Director Independence

Our Board of Directors has adopted the definition of “independence” as described under the Sarbanes Oxley Act of 2002 (Sarbanes-Oxley) Section 301, Rule 10A-3 under the Securities Exchange Act of 1934 (the Exchange Act) and NASDAQ Rules 4200 and 4350. Our Board of Directors has determined that its member does not meet the independence requirements.

20

DESCRIPTION OF CAPITAL STOCK

 

 

Authorized and Issued Stock
Number of Shares at June 19, 2015

Title of Class

 

Authorized

 

Outstanding

Common stock, $0.001 par value per share

 

75,000,000

 

8,000,000

Common stock

Dividends. Each share of common stock is entitled to receive an equal dividend, if one is declared, which is unlikely. We have never paid dividends on our common stock and do not intend to do so in the foreseeable future. We intend to retain any future earnings to finance our growth. See Risk Factors.

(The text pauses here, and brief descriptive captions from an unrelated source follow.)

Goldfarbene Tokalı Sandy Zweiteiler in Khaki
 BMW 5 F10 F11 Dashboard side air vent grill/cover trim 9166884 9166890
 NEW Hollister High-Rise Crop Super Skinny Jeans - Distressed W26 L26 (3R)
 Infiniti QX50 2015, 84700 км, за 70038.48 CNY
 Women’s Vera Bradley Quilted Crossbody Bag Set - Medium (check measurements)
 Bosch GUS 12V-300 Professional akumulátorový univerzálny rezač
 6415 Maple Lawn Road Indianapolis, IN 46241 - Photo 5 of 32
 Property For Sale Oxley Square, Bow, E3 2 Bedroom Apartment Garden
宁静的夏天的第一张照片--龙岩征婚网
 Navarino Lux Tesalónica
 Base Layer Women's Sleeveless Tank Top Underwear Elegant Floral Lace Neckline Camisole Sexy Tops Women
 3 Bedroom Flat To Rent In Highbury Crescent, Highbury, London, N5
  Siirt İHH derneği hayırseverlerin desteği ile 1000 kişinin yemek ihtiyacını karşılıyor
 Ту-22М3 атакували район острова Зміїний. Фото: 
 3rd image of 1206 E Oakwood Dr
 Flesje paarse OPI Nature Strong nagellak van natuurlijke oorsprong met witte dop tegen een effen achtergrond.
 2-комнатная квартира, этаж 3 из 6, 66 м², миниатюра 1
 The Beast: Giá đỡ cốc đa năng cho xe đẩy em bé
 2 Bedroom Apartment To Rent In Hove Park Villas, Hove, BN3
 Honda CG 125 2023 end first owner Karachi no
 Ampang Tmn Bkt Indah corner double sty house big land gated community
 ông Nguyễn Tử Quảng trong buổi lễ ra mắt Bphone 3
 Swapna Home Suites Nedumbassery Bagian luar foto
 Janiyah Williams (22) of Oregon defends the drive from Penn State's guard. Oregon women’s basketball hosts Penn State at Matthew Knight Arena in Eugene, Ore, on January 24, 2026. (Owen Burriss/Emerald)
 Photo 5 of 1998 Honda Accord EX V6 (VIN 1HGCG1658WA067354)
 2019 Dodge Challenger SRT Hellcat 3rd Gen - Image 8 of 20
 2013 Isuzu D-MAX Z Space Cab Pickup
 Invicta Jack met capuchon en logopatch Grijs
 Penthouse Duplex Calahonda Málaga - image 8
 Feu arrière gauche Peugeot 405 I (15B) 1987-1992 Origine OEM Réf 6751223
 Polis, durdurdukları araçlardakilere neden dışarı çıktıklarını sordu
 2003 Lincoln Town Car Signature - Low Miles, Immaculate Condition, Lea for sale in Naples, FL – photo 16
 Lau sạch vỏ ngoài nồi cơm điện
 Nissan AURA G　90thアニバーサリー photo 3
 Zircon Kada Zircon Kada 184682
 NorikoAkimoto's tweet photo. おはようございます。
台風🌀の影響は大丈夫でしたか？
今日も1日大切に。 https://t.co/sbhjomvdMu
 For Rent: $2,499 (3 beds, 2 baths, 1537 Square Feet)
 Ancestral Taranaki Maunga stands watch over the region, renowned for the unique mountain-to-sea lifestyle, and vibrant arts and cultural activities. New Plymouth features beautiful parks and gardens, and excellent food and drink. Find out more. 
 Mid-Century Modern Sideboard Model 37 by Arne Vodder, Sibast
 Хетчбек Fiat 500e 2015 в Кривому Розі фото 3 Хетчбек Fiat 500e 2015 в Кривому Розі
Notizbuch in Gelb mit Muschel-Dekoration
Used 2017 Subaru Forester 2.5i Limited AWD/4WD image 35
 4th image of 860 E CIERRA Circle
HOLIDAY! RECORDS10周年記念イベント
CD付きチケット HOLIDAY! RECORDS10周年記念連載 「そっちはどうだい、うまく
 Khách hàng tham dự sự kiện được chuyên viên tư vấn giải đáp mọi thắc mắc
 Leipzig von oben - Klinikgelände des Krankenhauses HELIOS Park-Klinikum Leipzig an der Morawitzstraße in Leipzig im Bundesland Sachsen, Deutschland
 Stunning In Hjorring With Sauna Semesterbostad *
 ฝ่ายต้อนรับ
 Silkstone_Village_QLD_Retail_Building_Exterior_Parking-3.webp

Liquidation. If our company is liquidated, any assets that remain after the creditors are paid, and the owners of preferred stock receive any liquidation preferences, will be distributed to the owners of our common stock pro-rata.

Voting Rights. Each share of our common stock entitles the owner to one vote. There is no cumulative voting. A simple majority can elect all of the directors at a given meeting and the minority would not be able to elect any directors at that meeting.

Preemptive Rights. Owners of our common stock have no preemptive rights. We may sell shares of our common stock to third parties without first offering it to current stockholders.

Redemption Rights. We do not have the right to buy back shares of our common stock except in extraordinary transactions such as mergers and court approved bankruptcy reorganizations. Owners of our common stock do not ordinarily have the right to require us to buy their common stock. We do not have a sinking Company to provide assets for any buy back.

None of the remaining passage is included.